- [Work order]:
When you reach the line with "alzatina per dolce", transcribe it and each line after it through the last one below, exactly. Pictures stay out.

- [Provided material]:

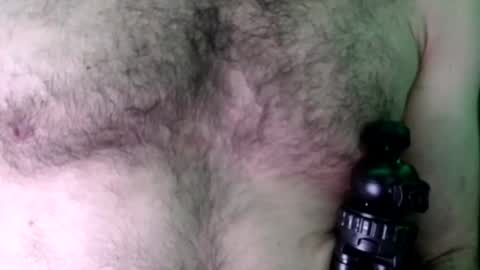 Flannel Dong online show from 10-17-25, 07:44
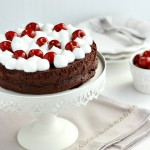 alzatina per dolce
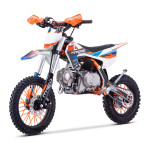 PITBIKE KROS DK110 ali DK125 polavtomatik ali avtomatik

- [Solution]:
 alzatina per dolce
 PITBIKE KROS DK110 ali DK125 polavtomatik ali avtomatik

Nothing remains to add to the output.